In the Matter of the Arbitration between

AFGE Local 1045,


Union,
and FMCS No. 99-10263
DEPARTMENT OF VETERANS AFFAIRS, Grievant E.R. Watters, Jr.
Agency.
_____________________________________/

OPINION OF THE ARBITRATOR

May 18, 2000

After a Hearing Held February 4, 2000 at Biloxi, MS

For the Union: For the Agency:


Andrew L. Brumsey Alan M. Hawthorne, Esq.
AFGE 10th District Regional Counsel
National Representative VA Medical Center
PO Box 3212 1500 E Woodrow Wilson Boulevard
Harvey, LA 70059-3212 Jackson, MS 39216
This matter presents a threshold issue of arbitrability. As early as the

second-step grievance, the Union conceded:

We realize that the Chief, Domiciliary Operations is a non-bargaining


unit position. JX 8, emphasis supplied.

Article 22, Section 1 of the collective bargaining agreement provides in

pertinent part:

This article sets forth the merit promotion system, policies, and
procedures applicable to bargaining unit positions in the Department.
JX 1, emphasis supplied.

As a result of the Union’s admission and the plain language of the collective

bargaining agreement, I conclude that the grievance is not arbitrable.

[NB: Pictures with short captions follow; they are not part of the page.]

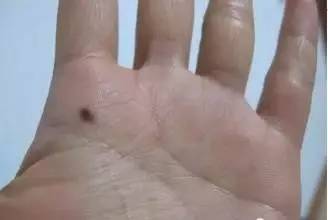 色素痣有可能恶变吗,哪些色素痣可能变为皮肤癌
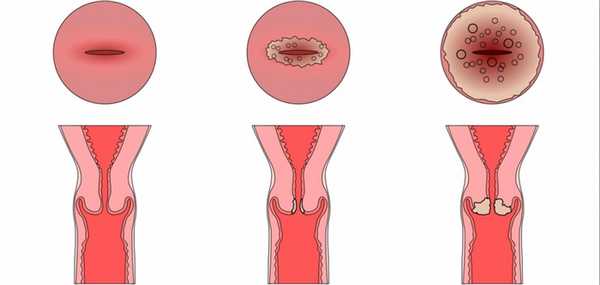 патология шецки матки.jpg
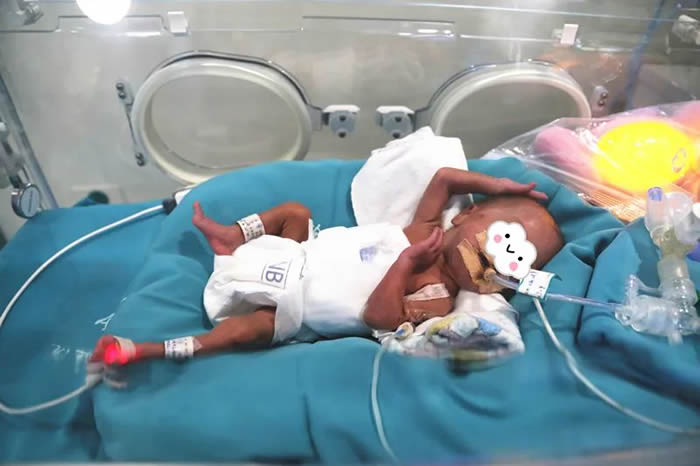 1709802488385454.jpg 640 (3).jpg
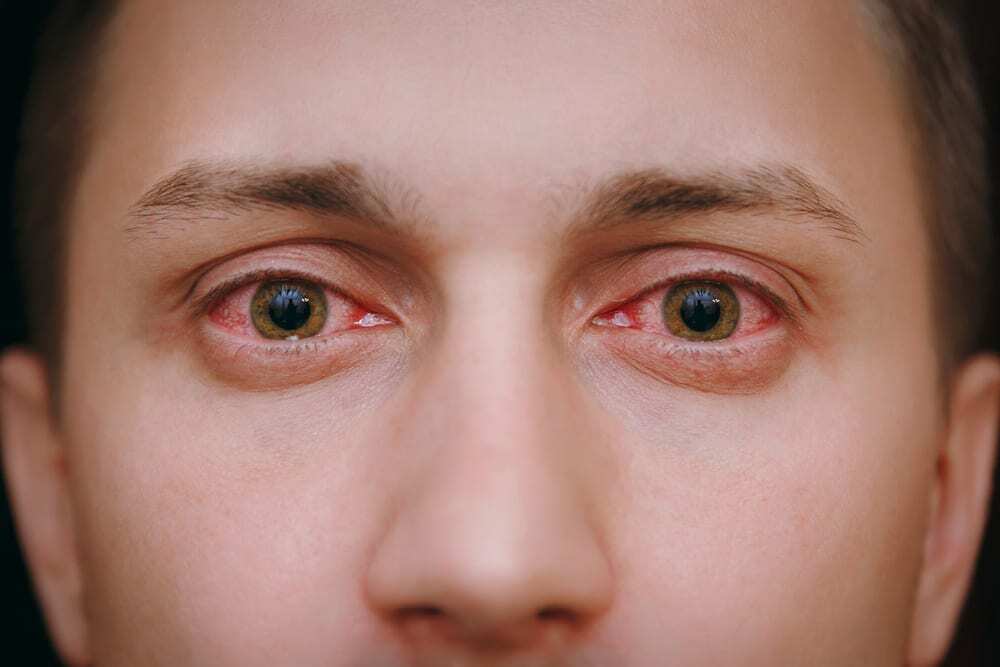 Is it Possible to Prevent Redeye When Smoking Weed?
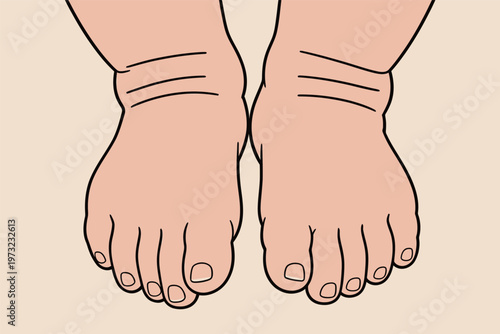 Illustration of Human Feet with Wrinkles
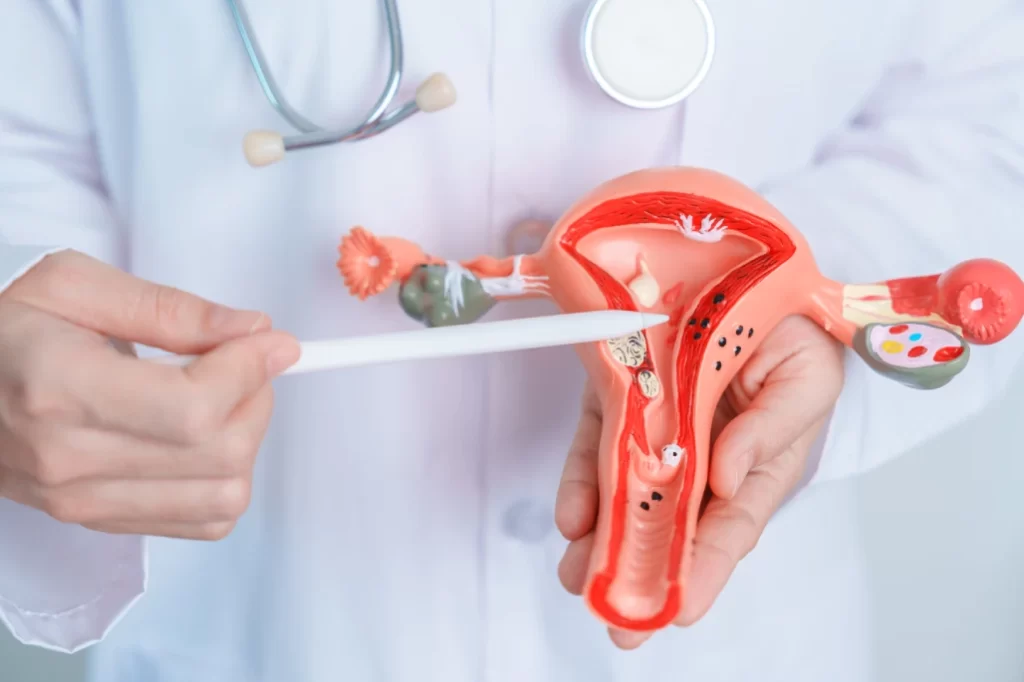 Fibroids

This matter arises from the filling of a vacancy for the position of

Chief, Domiciliary Operations (“Dom Chief”) at the VA Gulf Coast

Veterans Health Care System Medical Center in Biloxi, Mississippi, where

employees are represented by Local 1045 of the American Federation of

Government Employees. An interview panel rated grievant fourth and the

successful candidate sixth in terms of job qualifications. The names of the

top three candidates were submitted to the Medical Center Director.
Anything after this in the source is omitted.